Stanford’s law school dean, Larry Kramer, sensed the need for the program after moving to the Silicon Valley from New York University a few years ago.

“This is what the industrial revolution was two centuries ago, and it will have that kind of significance in the world,” Kramer said.

The field is also lucrative, especially compared with an academic career in the sciences.

The pay is nice, too
Newly minted lawyers will earn $160,000 at the nation’s top firms this year, and perhaps more with a postgraduate science degree or federal clerkship. The leading intellectual property firms plan to match or top that figure.

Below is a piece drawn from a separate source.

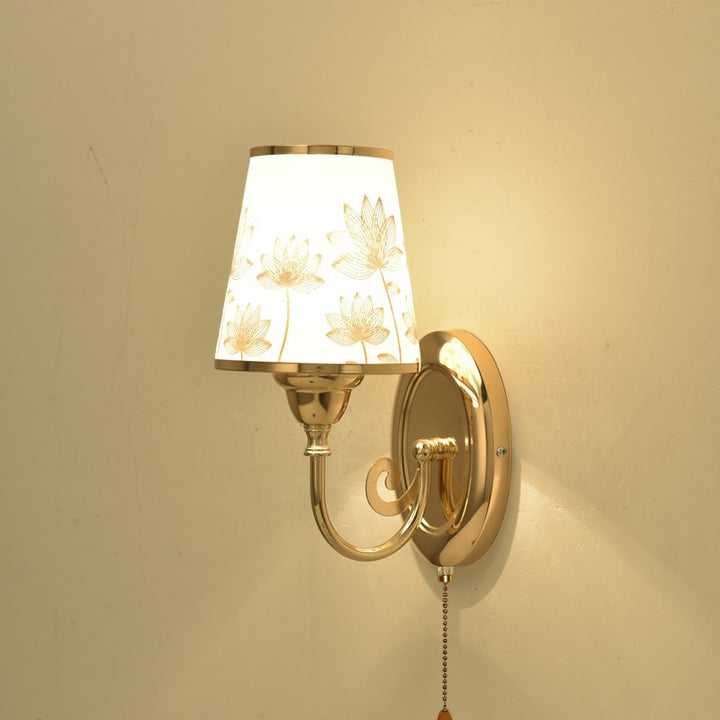 Decorative Wall Sconce with Floral Shade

“You do make quite a bit more money than you do as a researcher or scientist,” Weathers said, “but I wouldn’t say that was my motivation.”

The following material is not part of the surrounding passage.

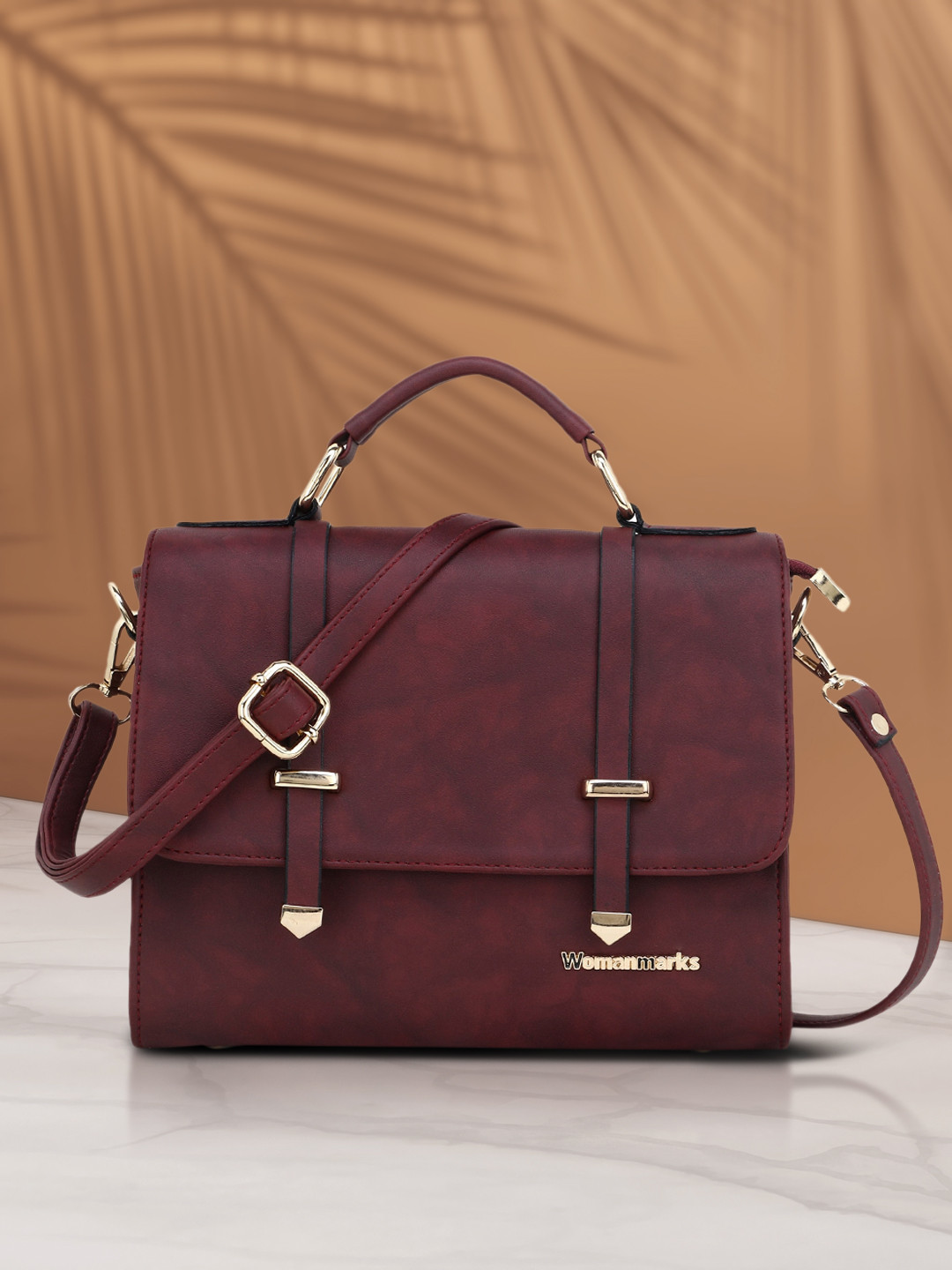 WOMEN MARKS Maroon Self Design Satchel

Among other things, she missed using her writing and communication skills. “I got to the point where I no longer wanted to sit in front of a computer terminal going over graphs,” Weathers said.

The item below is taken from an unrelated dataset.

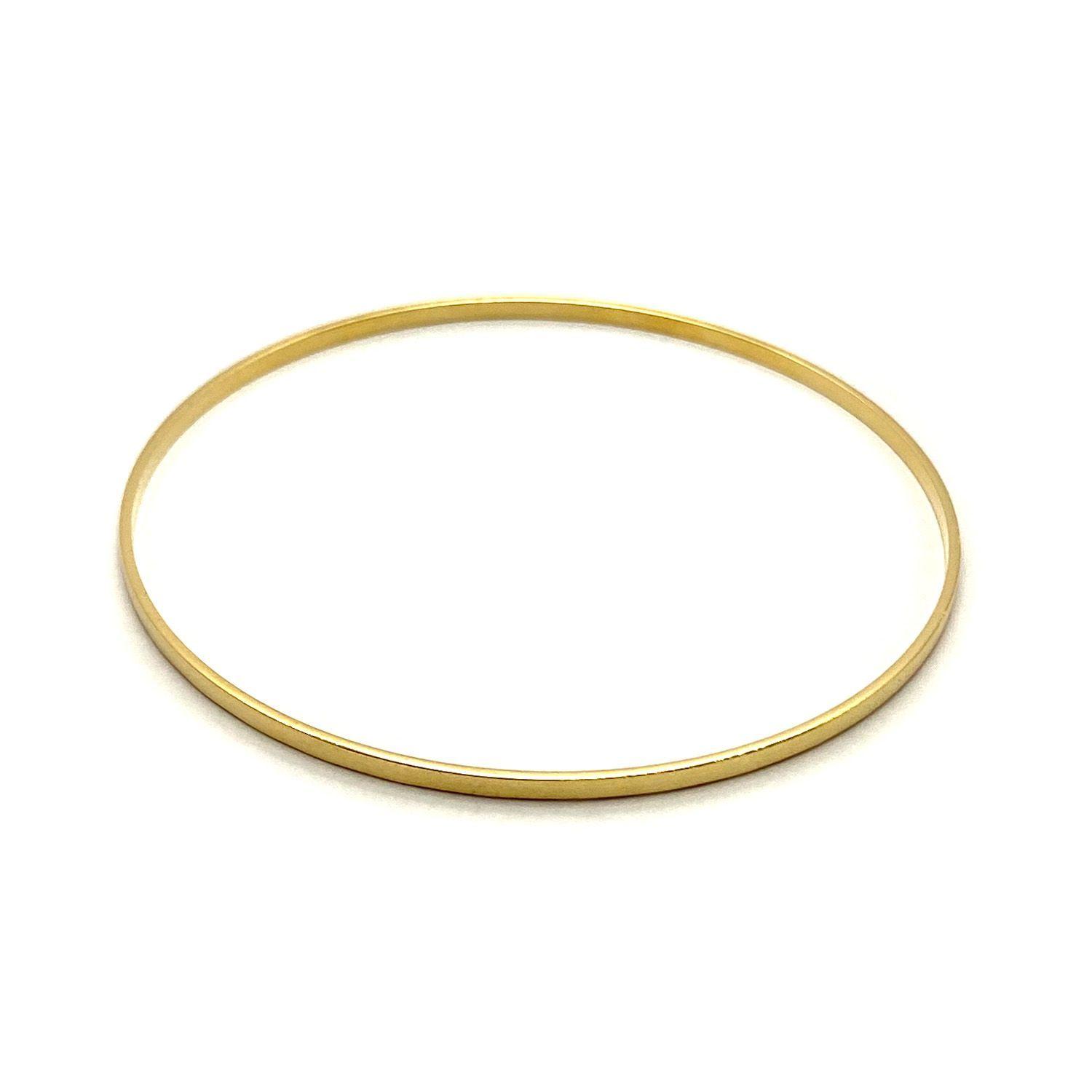 Pulsera Esclava Fina Satinada  Enchapada Oro 18K-2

At Woodcock Washburn, a three-city intellectual property firm with 90 attorneys, the dress is casual and most colleagues share her science background. She has worked on cases that directly touch on her physics training, such as a patent fight over blue LED lights, and on litigation that lets her dabble in different kinds of technology.

Ramon Tabtiang, 36, a native of Thailand, earned a Ph.D. in biochemistry at the University of California-San Francisco and spent two years at MIT doing postdoctoral work. But he, too, ultimately pursued a law career, earning a degree while working full time as a technical specialist at Fish & Richardson, a firm in Boston.

Tabtiang came to feel that future breakthroughs in the life sciences would be incremental at best. And while academia offered intellectual freedom, he found it came at a price — the far lower salary.

“I think every individual, at one point or another — having a family or wanting a different lifestyle — is forced to confront the question of whether they really want to work in the pure sciences,” said Tabtiang, a married father of two.

At his firm, Tabtiang can apply his scientific training in new ways — perhaps helping a university form a startup company, or a pharmaceutical firm seek a new drug patent.
It’s hard stepping away from the lab, he said, “but once you do, you realize there’s sort of alternate universes with their own attractions and flaws.”